A petitioner may prevail on a motion to vacate, set aside, or correct his sentence pursuant to 28 U.S.C. section 2255 if he can show that his sentence (i) was imposed in violation of the Constitution or the laws of the United States; (ii) was entered by a court without jurisdiction to impose the sentence; (iii) exceeded the maximum detention authorized by law; or (iv) is otherwise subject to collateral attack. The grounds for relief under section 2255 are limited, out of "respect for the finality of criminal sentences, the efficient allocation of judicial resources, and an aversion to retrying issues years after the underlying events took place." U.S. v. Bokun, 73 F.3d 8, 12 (2d Cir. 1995) (citation omitted). Petitioner must show by a preponderance of the evidence that he is entitled to relief. Vargas v. United States, 951 F. Supp. 2d 531, 549 (S.D.N.Y. 2013).

To prevail on an ineffective assistance of counsel claim brought pursuant to section 2255, Petitioner must show that (i) counsel's performance was deficient under an objective standard of reasonableness, and (ii) Petitioner was prejudiced as a result of counsel's deficient performance. Strickland v. Washington, 466 U.S. 668, 688-94 (1984). In determining whether counsel's performance was deficient, "a court must indulge a strong presumption that counsel's conduct falls within the wide range of reasonable professional assistance," and the challenger's burden is to show that the errors were "so serious that counsel was not functioning as the 'counsel' guaranteed the defendant by the Sixth Amendment." Id. at 687-89. To satisfy the second prong of the Strickland test, Petitioner must demonstrate "that there is a reasonable probability that, but for counsel's unprofessional errors, the result of the proceeding would have been different." U.S. v. Brown, 623 F.3d 104, 112 (2d Cir. 2010) (quoting Pham v. United States, 317 F.3d 178, 182 (2d Cir. 2003)). Courts require "some objective evidence other than defendant's assertions to establish prejudice" under Strickland's second prong. Pham, 317 F.3d at 182.

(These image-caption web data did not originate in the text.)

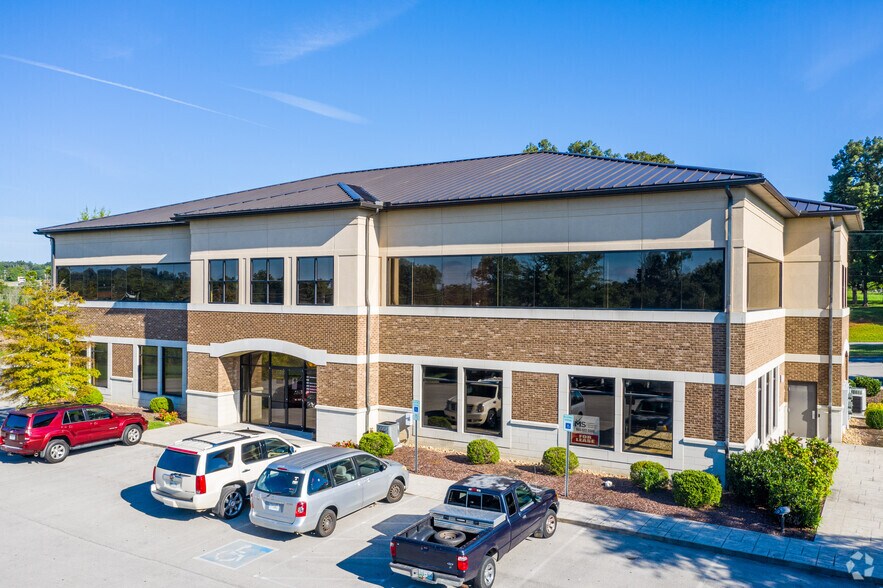 Primary Photo Of 550 Town Creek Rd, Lenoir City Medical For Sale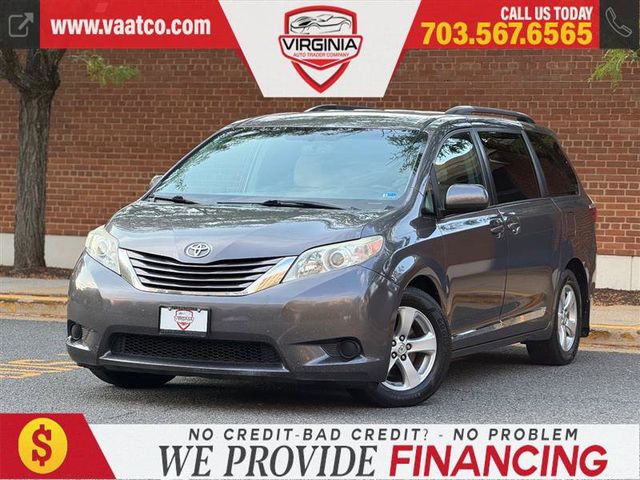 2016 Toyota Sienna LE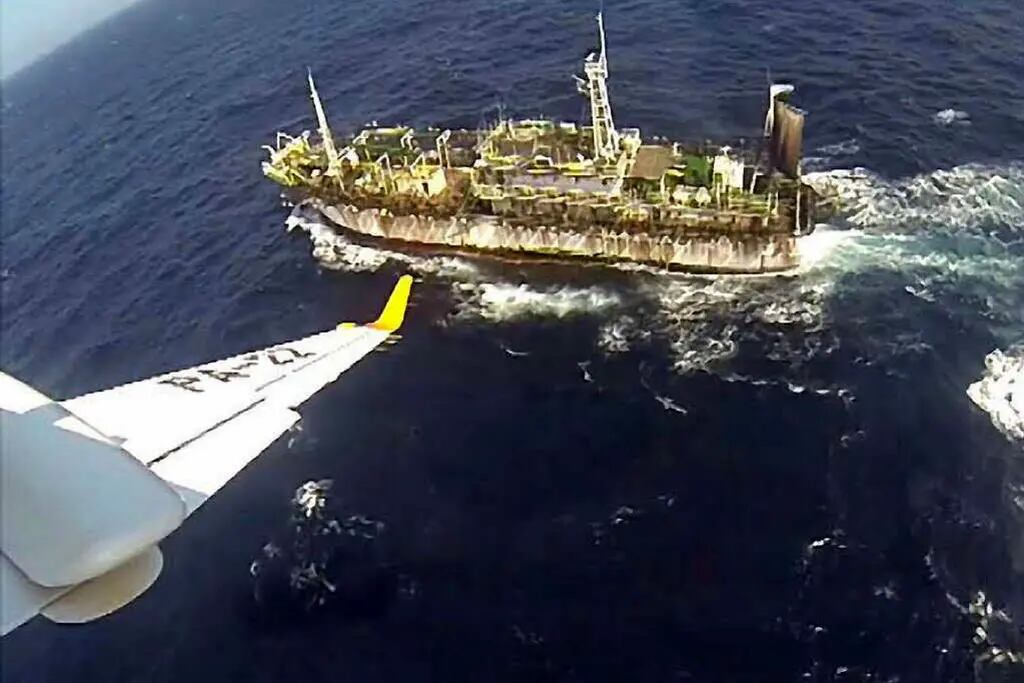  Desde el helicóptero de Prefectura se observa al barco en la zona económica exclusiva argentina.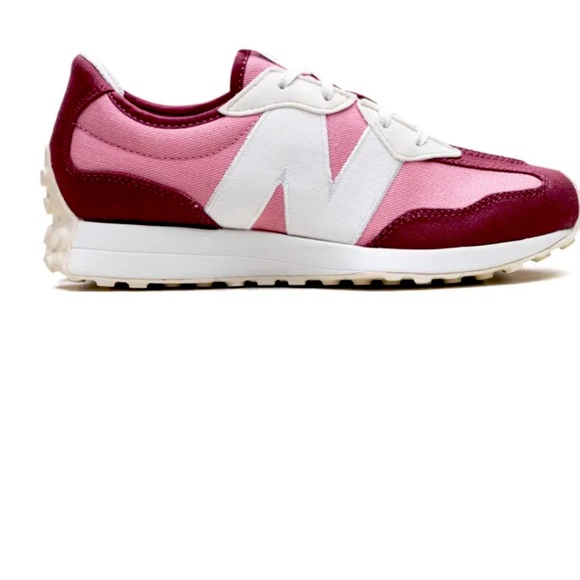 New Balance Shoes - ❤️💕 327 New Balances
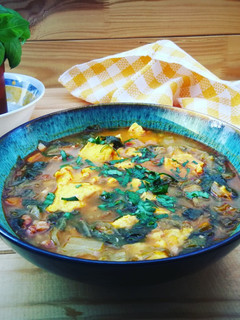Una foto de Sopa de lechuga romana con jamón curado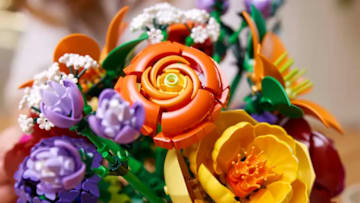 This flower arrangement LEGO set is made of 1161 pieces.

Where, as here, a petitioner claiming ineffective assistance of counsel requests an evidentiary hearing (see docket entry no. 141 at 6; docket entry no. 159 at 2-3), the court must "determine[ ] whether, viewing the evidentiary proffers, where credible, and record in the light most favorable to the petitioner, the petitioner, who has the burden, may be able to establish at a hearing a prima facie case for relief," in which case a hearing should generally be held if material facts are in dispute. Puglisi v. United States, 586 F.3d 209, 213 (2d Cir. 2009). However, "a district court need not assume the credibility of factual assertions, as it would in civil cases, where the assertions are contradicted by the record in the underlying proceeding," and need not conduct a hearing where a petitioner has not established that he has a "plausible" claim of ineffective assistance of counsel. Id. at 213-14.

Ineffective Assistance: Firearm Enhancement

Petitioner first claims that he was denied effective assistance of counsel when attorney Sapone "withdrew Petitioner's objection to a five (5) level firearms enhancement" without "Petitioner's knowledge or consent," and without having provided Petitioner a copy of the letter withdrawing the objection. (Petition at 4 & at ECF page 20; see also docket entry no. 156 at 2.)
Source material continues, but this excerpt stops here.